Some textbooks have \(\displaystyle 0\in N\).

That's sloppy, if not distressing.

 

[pka]

Re:

Some textbooks have \(\displaystyle 0\in N\).

That's sloppy, if not distressing.

Actually it is neither sloppy nor distressing if one knows something of the history.
http://mathworld.wolfram.com/NaturalNumber.html
http://en.wikipedia.org/wiki/Natural_number

 

[mmm4444bot]

… if one knows something of the history …

The history of the number zero?

I know some things about the history of the number zero; so, why do I nevertheless feel distressed? :wink:

(I've read "Zero: the biography of a dangerous idea" by Seife.)

Thank you, PKA, for the reference to Ribenboim's 1996 statement that we can make zero a Natural number "whenever [it is] convenient". I do enjoy laughing out loud.

I'm willing to concede that my unsolicited opinion in this thread might be misplaced regarding "Advanced" courses. What motivated my post herein? Apparently, I'm still sensitive over being belittled by a UW professor because I stated "the set of Whole numbers" (in which the professor does not believe) instead of "the set of non-negative integers".

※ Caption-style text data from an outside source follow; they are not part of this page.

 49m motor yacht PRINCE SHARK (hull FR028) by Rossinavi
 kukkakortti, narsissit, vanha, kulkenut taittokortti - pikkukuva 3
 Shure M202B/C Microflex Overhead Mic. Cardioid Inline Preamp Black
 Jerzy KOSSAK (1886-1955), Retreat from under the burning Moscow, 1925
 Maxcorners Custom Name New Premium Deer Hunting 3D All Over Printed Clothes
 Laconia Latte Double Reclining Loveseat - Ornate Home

We spend years drilling certain facts into the students' head, only to later change foundation(s) "whenever [it is] convenient".

What's wrong with calling the Naturals plus zero the set of Whole numbers? (This, too, is a rhetorical question.)

Oh well.

It's a free world, brother.

See ya 'round.

 

[daon]

I have a professor this year who said "it is nonsensical to think 0 is not a natural number." So yes, opinions do differ.

I still use terminology like "whole number" and see no problem with it. Someone who wants to make fun of ME for my adopted terms can go to h*ll. While I will adapt to the definitions used in a particular course, I wouldn't hold any professional respect for someone who would rather nitpick about the synonym I used than to hear my message. I commonly interchange "non negative integer," "natural number" and "whole number." If I would have a student who tells me zero is not a natural number, I would give them a little smile, say "sure," and continue the proof.

I don't disgree with either definition of N, and I will use both depending on the context without issue. It has changed in several classes for me, and I find that kind of humerous.

 

[mmm4444bot]

My concern is that a secondary or undergraduate student will come across such a post that defines zero as a Natural number right after it's been drilled into their head that zero is a Whole number.

I do not like seeing or hearing about student confusion directly resulting from inconsistent, sloppy, or contradictory information, at the "non-advanced" level.

That's all.

(Such students do still actually read posts at this site. Am I correct?)

 

[pka]

Re:

My concern is that a secondary or undergraduate student will come across such a post that defines zero as a Natural number right after it's been drilled into their head that zero is a Whole number.

I actually agree with that sentiment.
That why I do not think either word should be used.
We have two perfectly clear and unambiguous descriptions: positive integers or non-negative integers.

My thesis advisor told me, almost forty years ago, if you use an ambiguous term it will be misunderstood. He would allow any of his students use either term: natural number or whole number. (Of course, he also did not think a set could be empty).